Much of the focus in the area of Interaction Design centered on responsive design and mobile first. None of this is new to the field, but new techniques were taught in workshops. Jason Grigsby and Lyza Danger Gardner gave an in-depth workshop on designing and developing for devices and how to build in a future friendly manner. They believe that everything will be interconnected in our future, from your internet-connected refrigerator to your app-loaded car dashboard. By designing a flexible system now, our content will adapt itself to future devices. Participants explored device APIs, CSS3 media queries, responsive web design, and PhoneGap. The workshop was heavy in technical jargon but they always brought it back to how a development methodology can directly affect the user experience.
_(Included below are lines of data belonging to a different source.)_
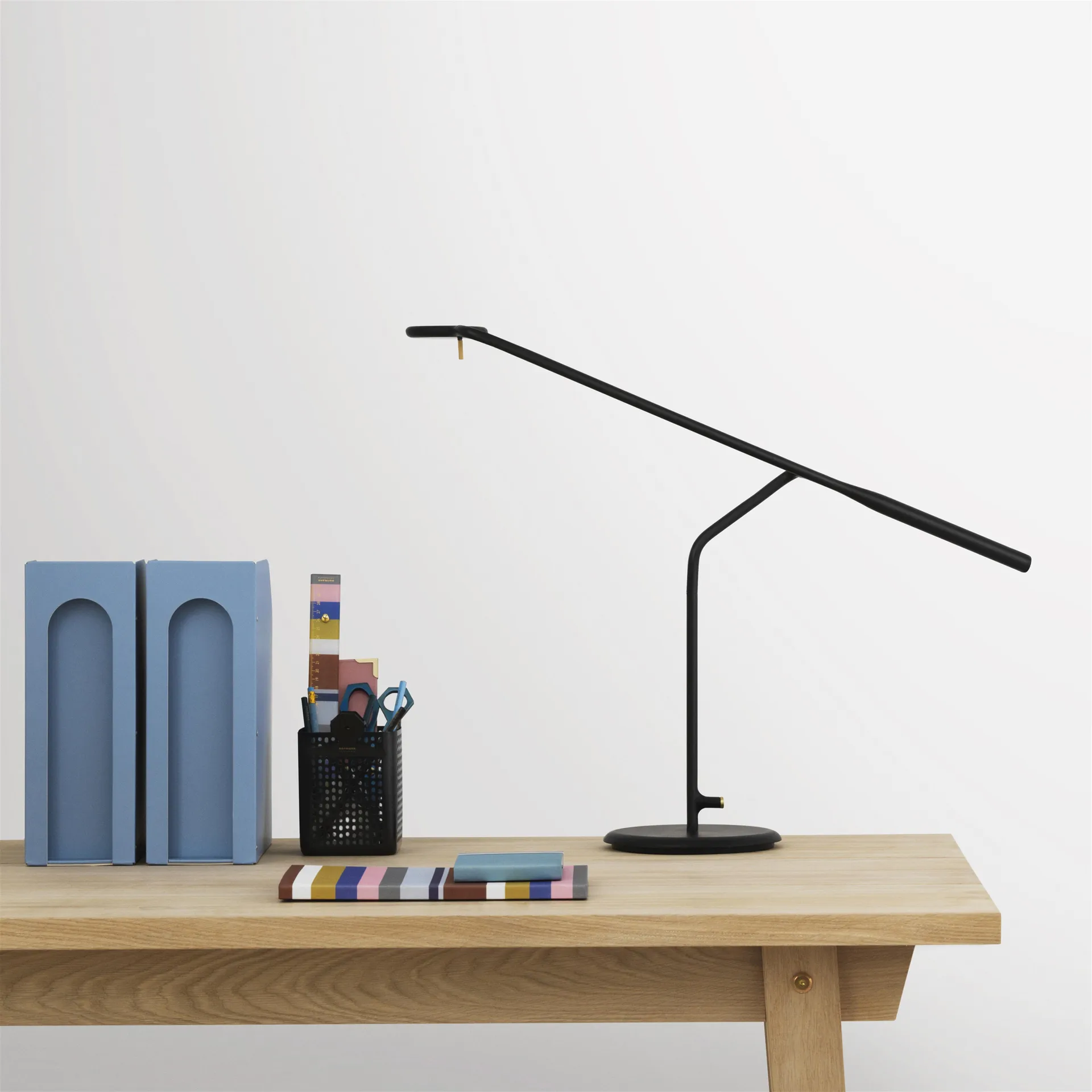 Lampada da tavolo Flow, nero Normann Copenhagen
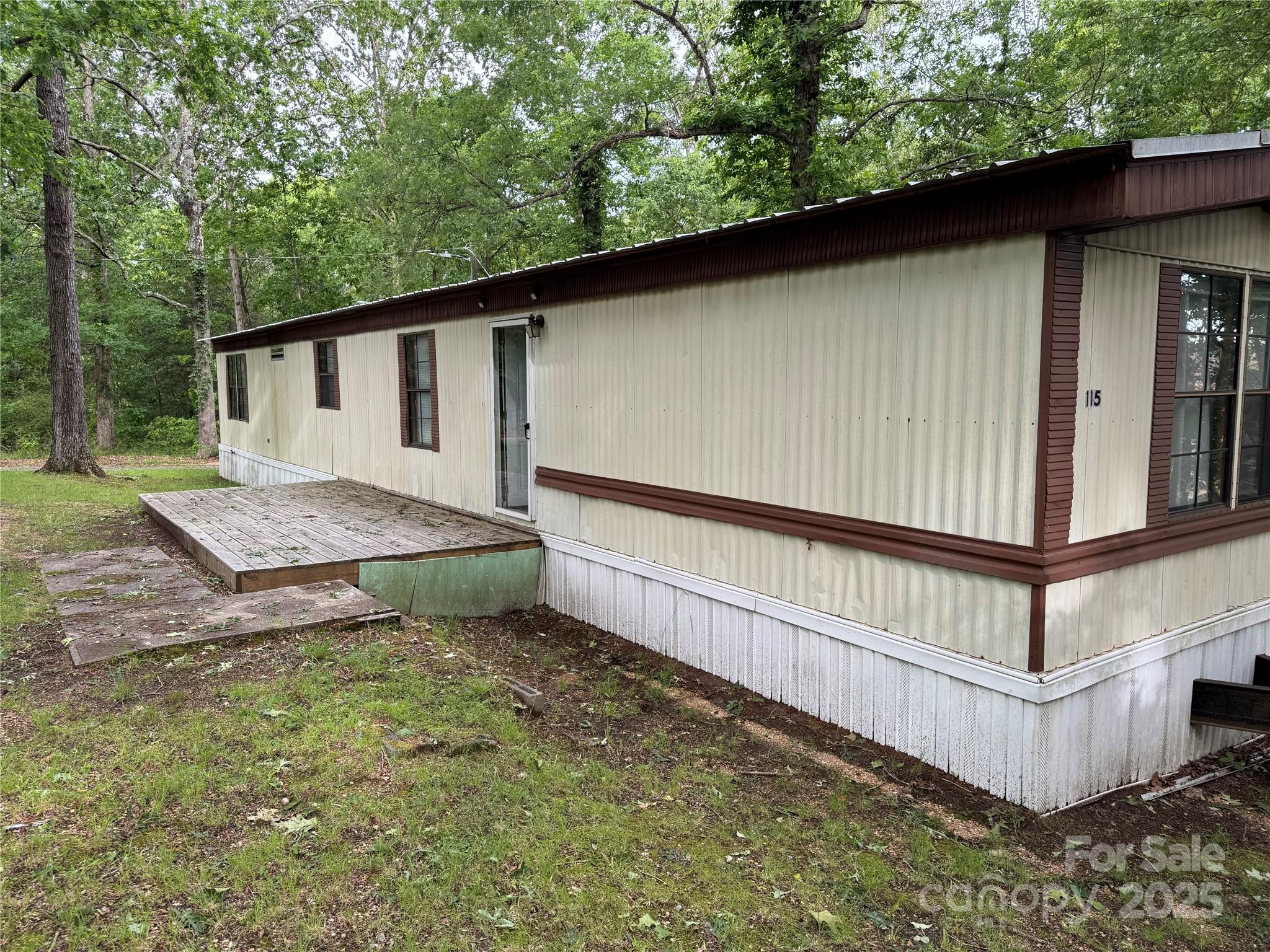 326 Havencrest Court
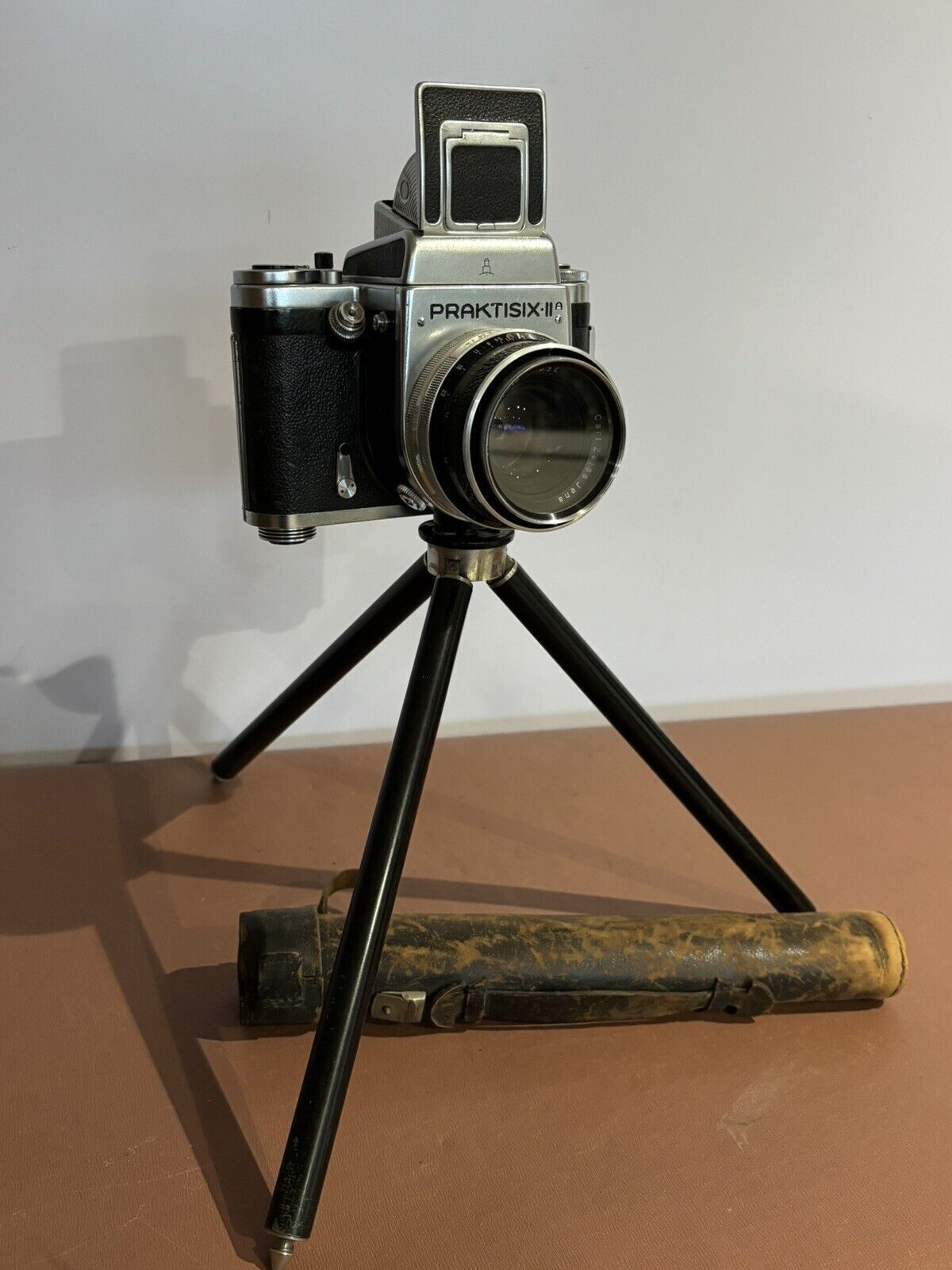 photo furniture Vintage Camera. Praktisix II A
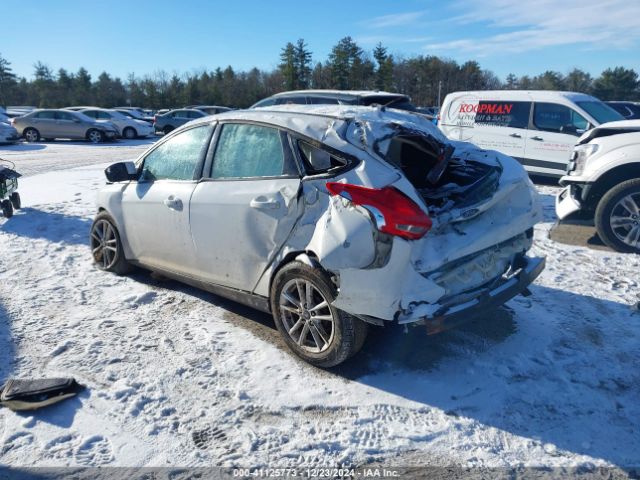 1FADP3K25JL315752 Ford FOCUS SE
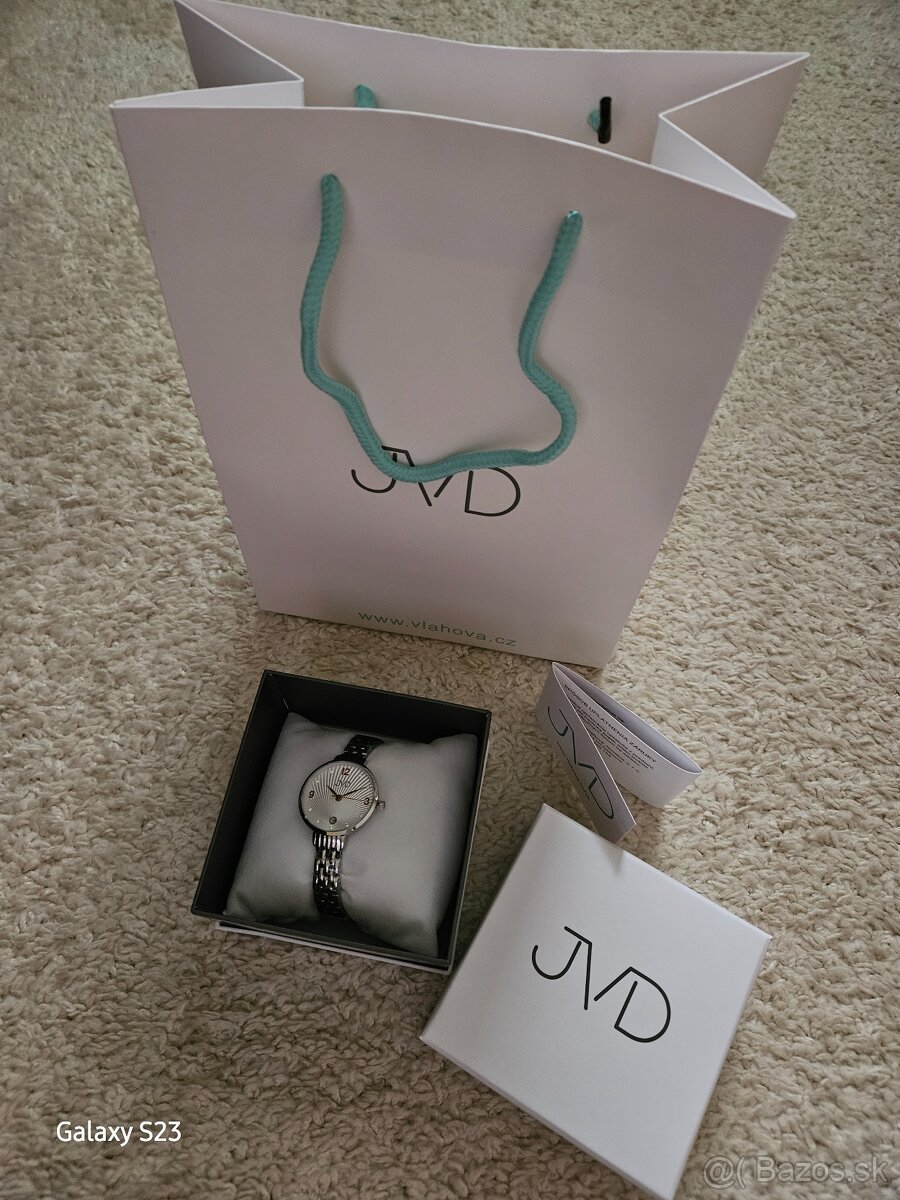 Elegantne JVD hodinky - 2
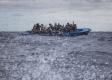 V Grécku sa potopil čln s migrantami: Desiatky ľudí sú stále vystavené na pospas oceánu
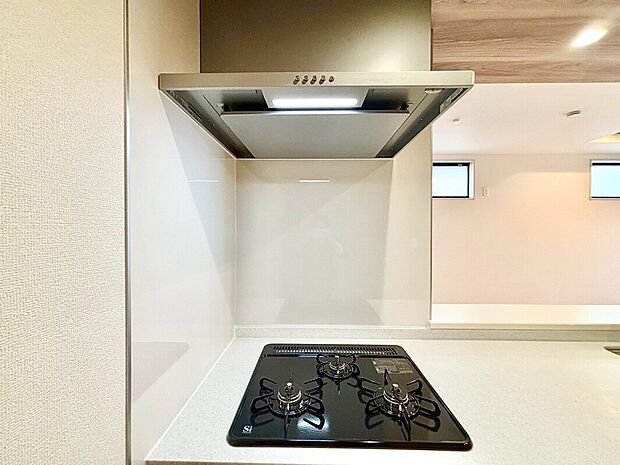 【【3口コンロ】】 凹凸が少ないフラットトップなのでお掃除もラクラクです。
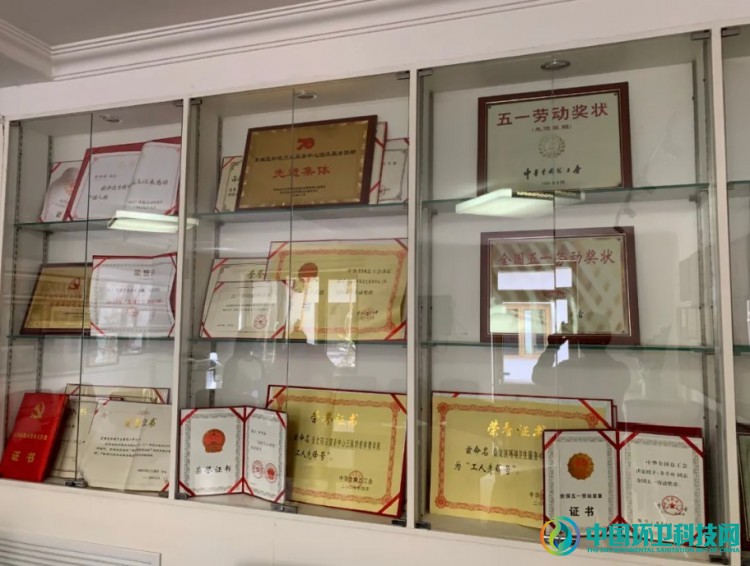 时传祥精神的接力棒，在这群最可爱的环卫人手中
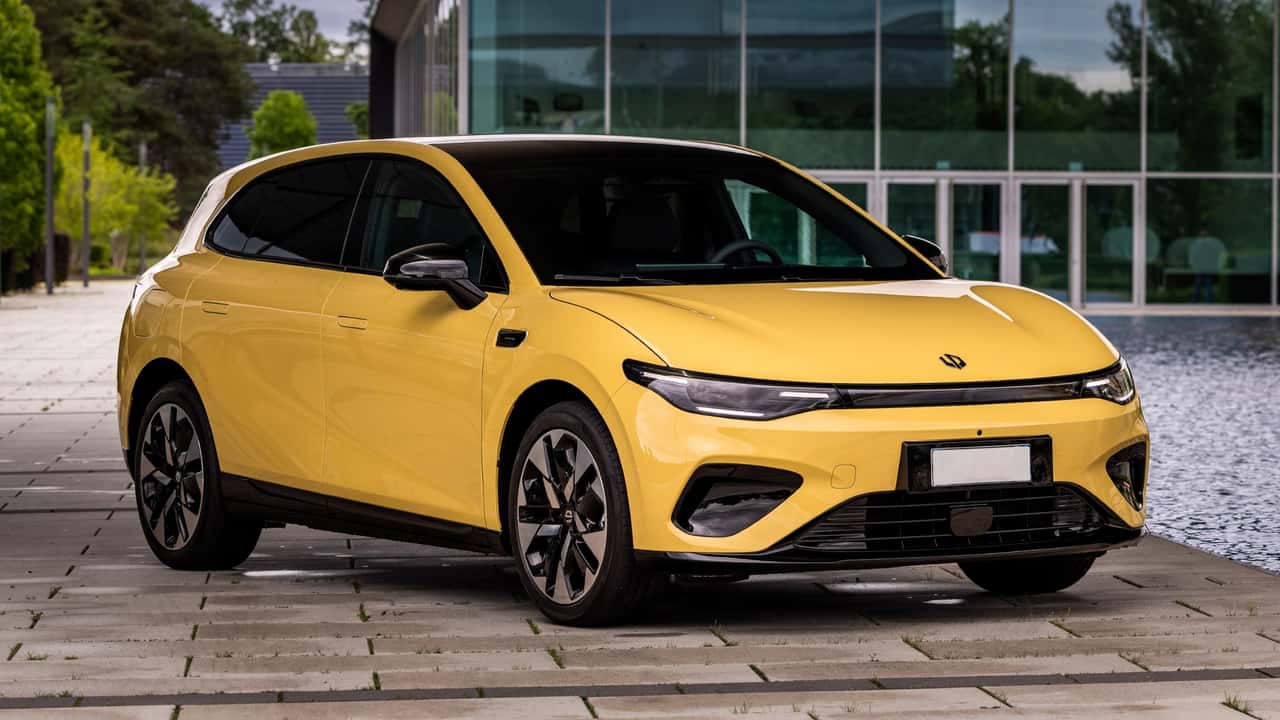 Rival de MG4 e Golf, Leapmotor B05 chega ao Brasil em setembro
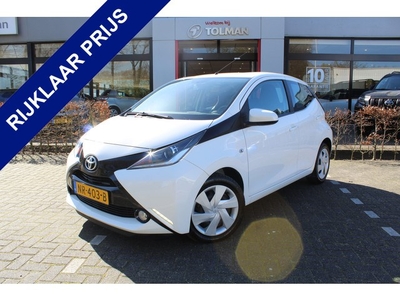 Toyota Aygo 1.0 VVT-i x-Play Navi Automaat Rijklaar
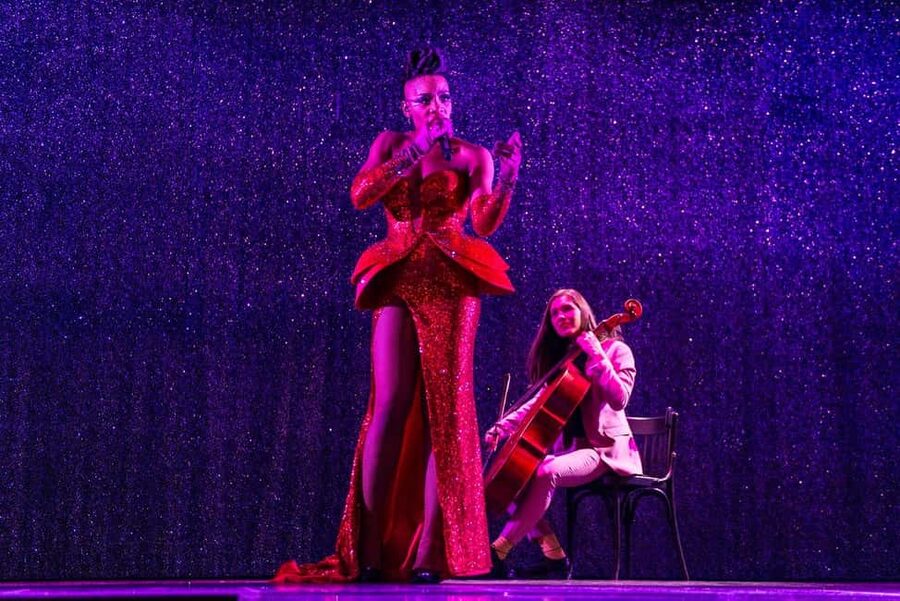Paris: VIP Dinner and Cabaret Show at Paradis Latin - L’Oiseau Paradis, a cabaret built for spectacle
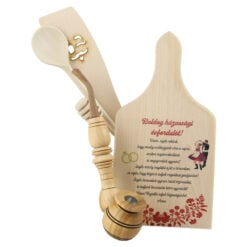 Set ustensile bucatarie din lemn cu magnet frigider "I love Romania"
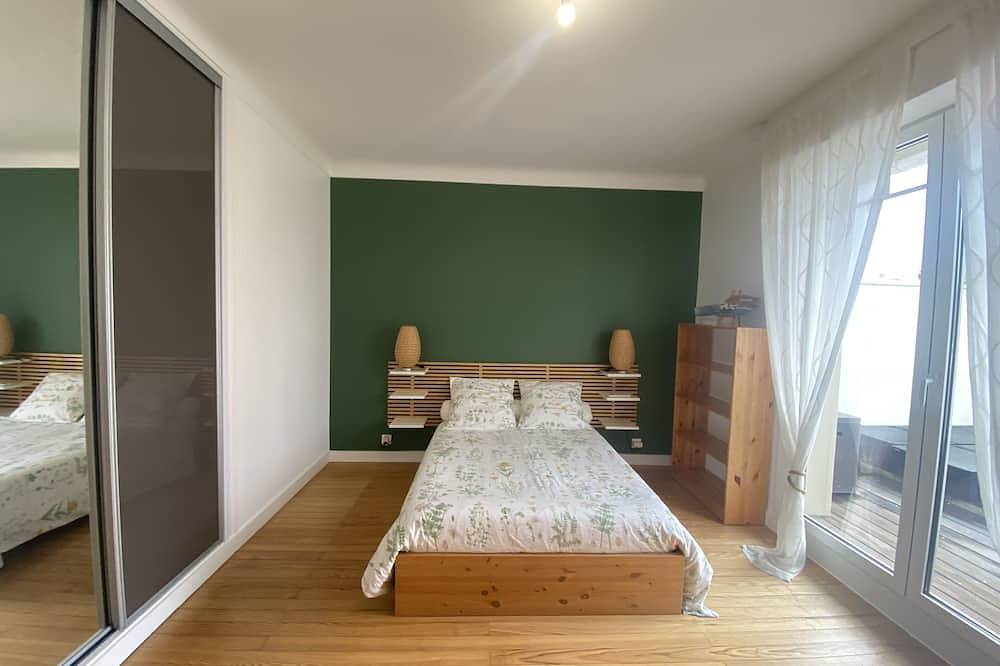 Arcachon - Elegant Large Home (2000sq/ft) with pool, 5mn by foot to the beach in Arcachon, Arcachon region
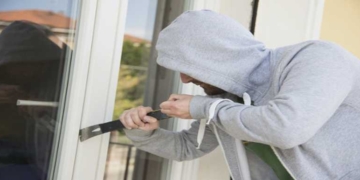 Ύποπτες κινήσεις τριών ατόμων γύρω από σπίτια στον Άγιο Νικόλαο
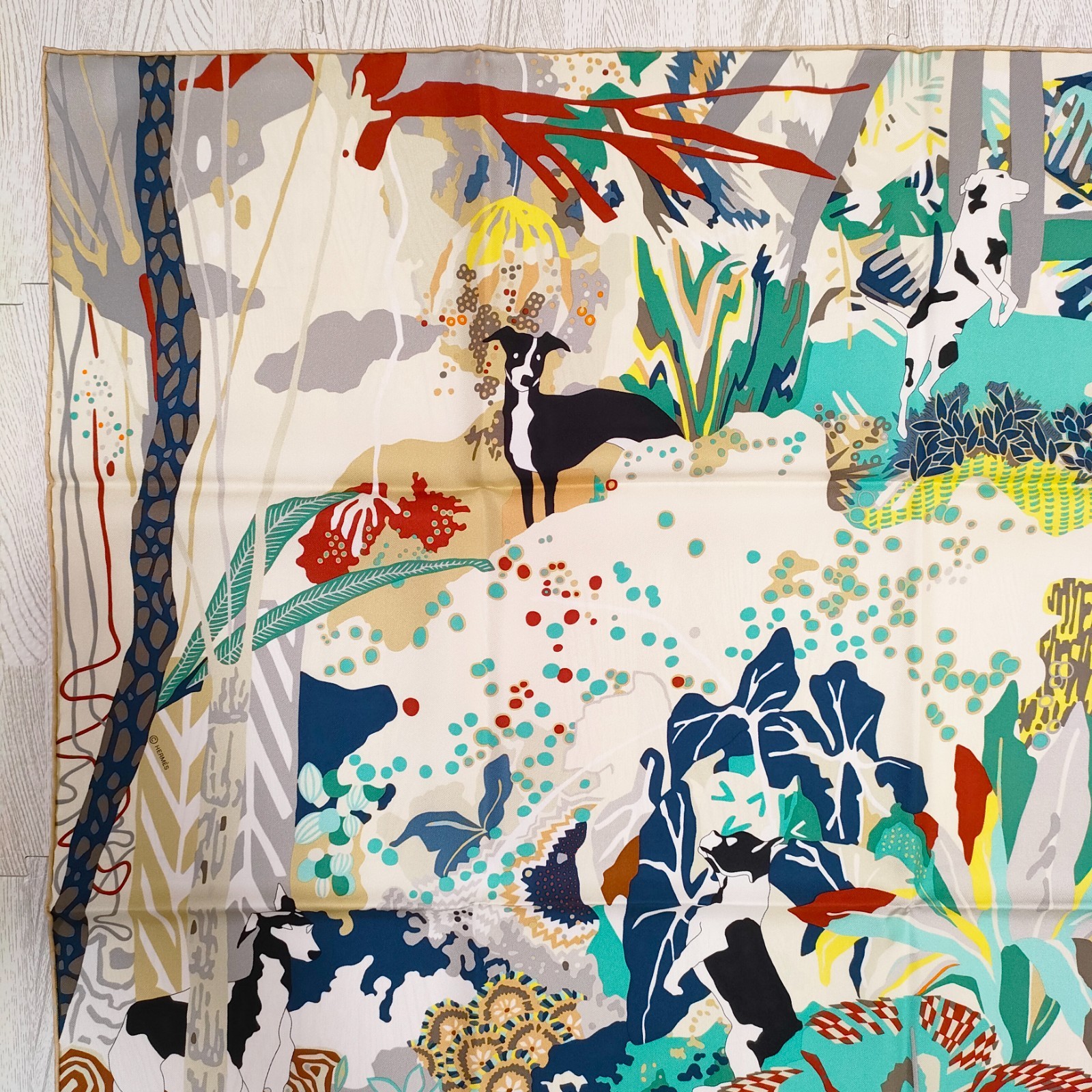 Unused w/box HERMES Carre 90 En Liberte ! Dog 35in Silk Scarf 90cm US duty free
As the field of User Experience (UX) grows many UX designers are still trying to define it. Whitney Hess, an independent UX consultant, guided us through her principles of experience design coupled with current examples to help us visualize each principle in practice. Hess used Wanderfly.com to exemplify her third principle, Limit Distractions. The Wanderfly home page is minimal with large icons to navigate to your destination. The tenth principle was the most compelling, Make a Good First Impression. "A website is analogous to your a first impression of a person. You want people to make you feel comfortable when you first meet them," she explained. She pointed to Vimeo as one of the best first-time user experiences. When a user visits the site for the first time a message asks, "Welcome, you're new aren't you?" This casual language guides you in like a friendly doorman. Hess is confident that her principles will stay true as technology evolves and experiences change because they are technology agnostic. "People deserve to be treated with humanity and empathy regardless of the communication medium. As the web evolves, as technology becomes even more pervasive and robust, we have both an increasing opportunity and responsibility to treat each other with compassion. I hope that my principles can continue to guide our behavior as technologists and ultimately change the way we do business at the most fundamental level," she says. Hess is committed to designing better experiences and she's clear about her mission: "Remember that website where you got totally lost and frustrated and gave up before you got anything done? That was a bad user experience, and it's my mission in life to erase those from the planet. Instead we'll replace them with digital experiences that enrich your life and make you smile and allow you to do whatever you do best, whatever that might be."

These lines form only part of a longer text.